> **WORK ITEM**: Although the data below contains pictures, output only the lines between those holding "Woning Lia Doranastraat 16 Amsterdam" and "2017 Mitsubishi Lancer", inclusive, exactly and without those pictures.

> **INPUT FOR THIS TASK**:

*** Block opens ***

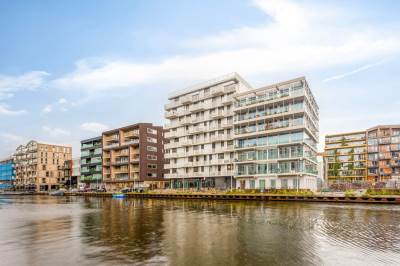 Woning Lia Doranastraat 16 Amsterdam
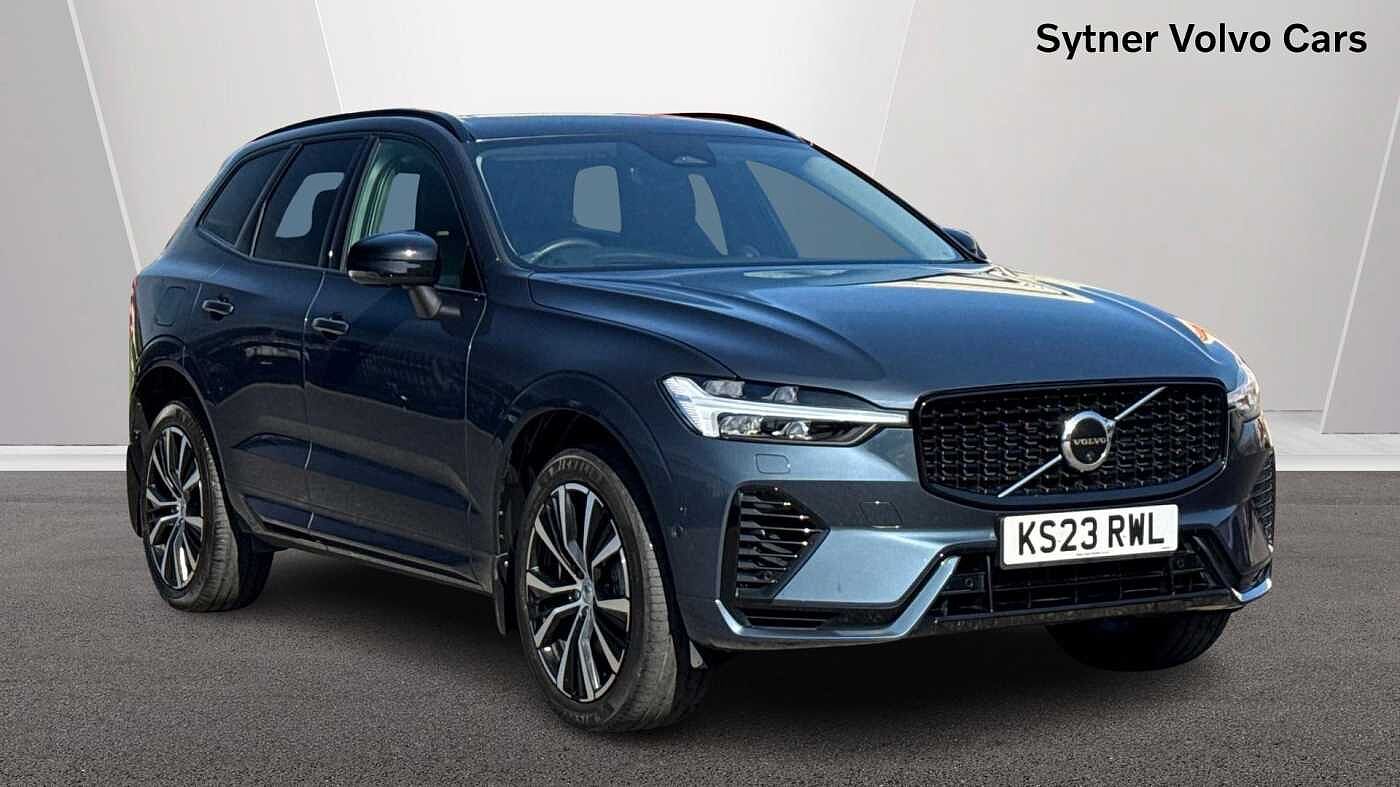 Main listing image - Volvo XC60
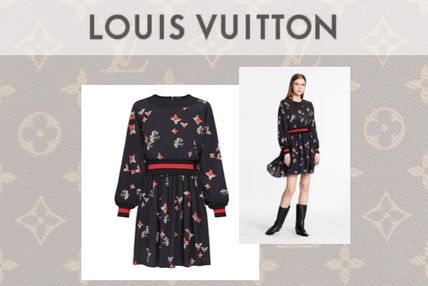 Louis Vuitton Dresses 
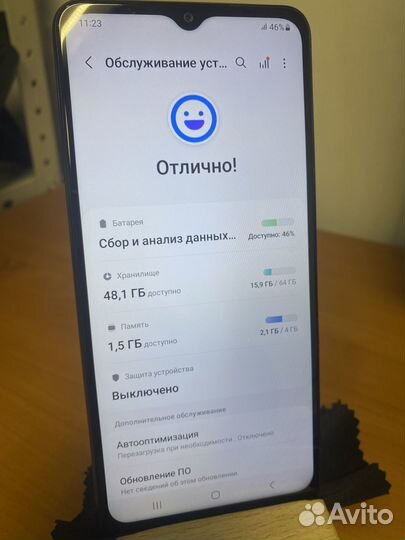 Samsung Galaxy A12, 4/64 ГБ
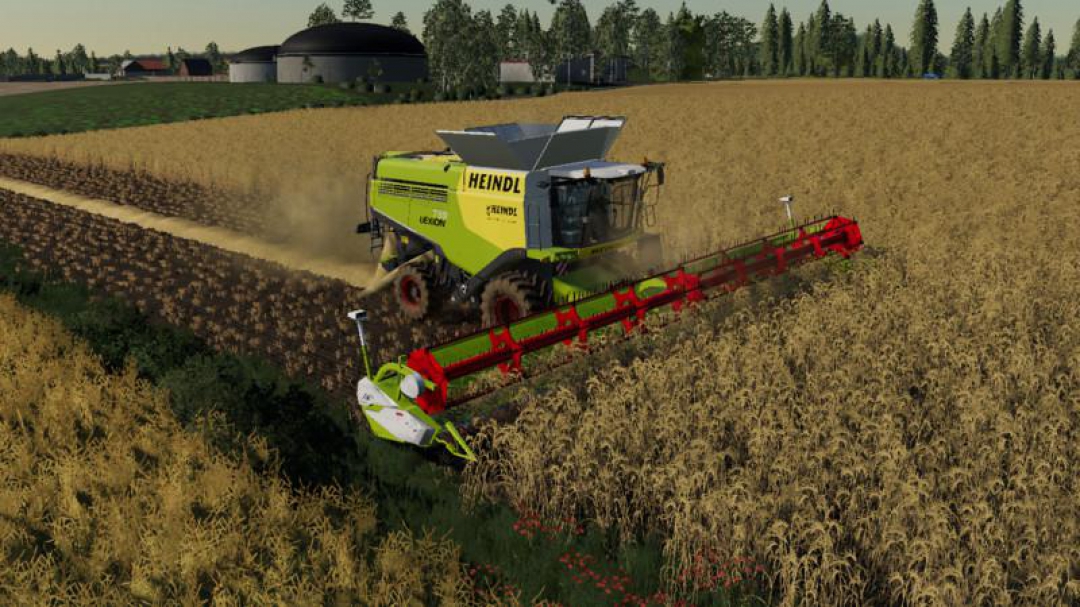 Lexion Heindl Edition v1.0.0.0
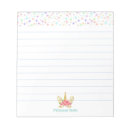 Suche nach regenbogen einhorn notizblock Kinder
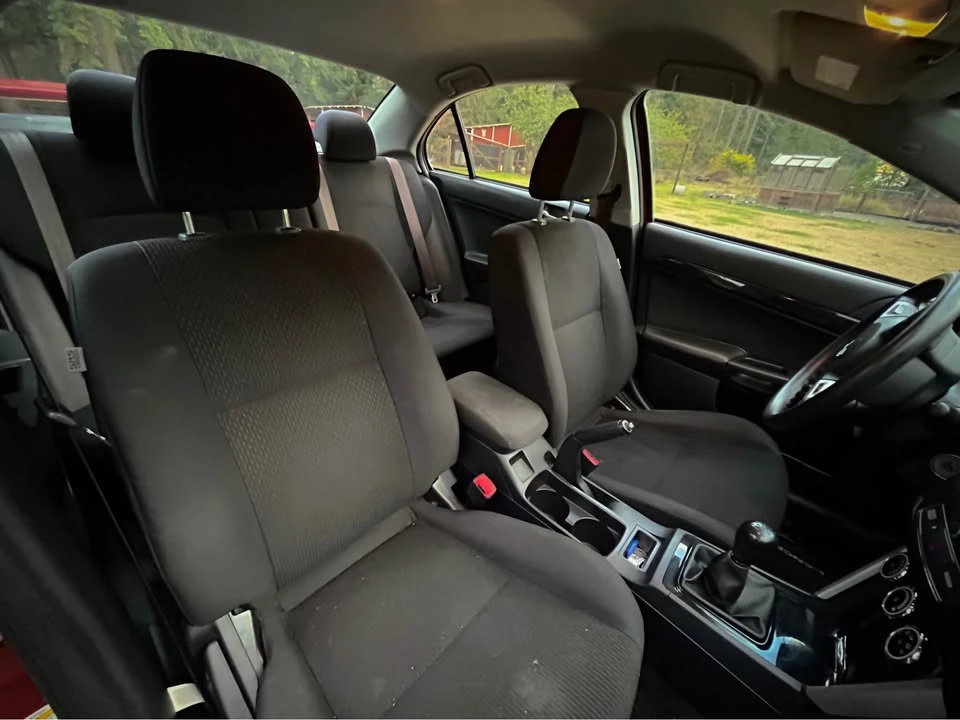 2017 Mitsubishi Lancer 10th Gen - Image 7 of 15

*** Block closes ***
*** Block opens ***

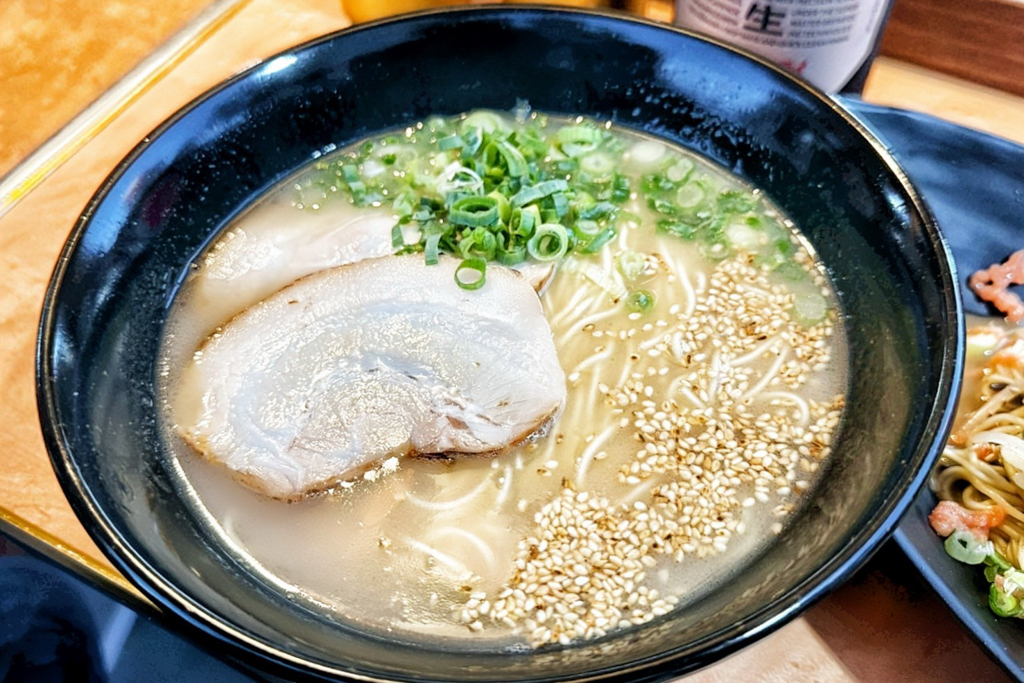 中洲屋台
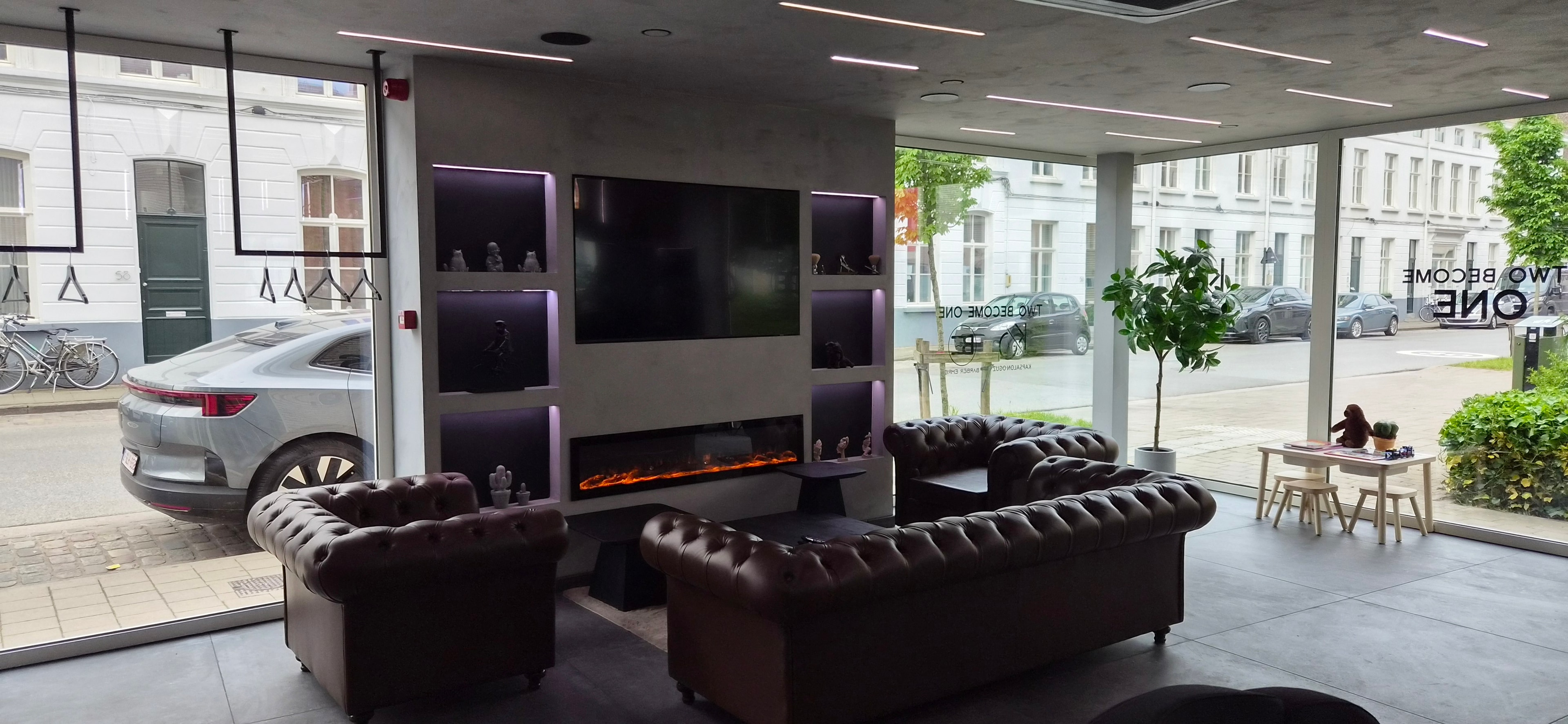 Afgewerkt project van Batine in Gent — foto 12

*** Block closes ***

> **EXERCISE RESULT**:
 Woning Lia Doranastraat 16 Amsterdam
 Main listing image - Volvo XC60
 Louis Vuitton Dresses 
 Samsung Galaxy A12, 4/64 ГБ
 Lexion Heindl Edition v1.0.0.0
 Suche nach regenbogen einhorn notizblock Kinder
 2017 Mitsubishi Lancer 10th Gen - Image 7 of 15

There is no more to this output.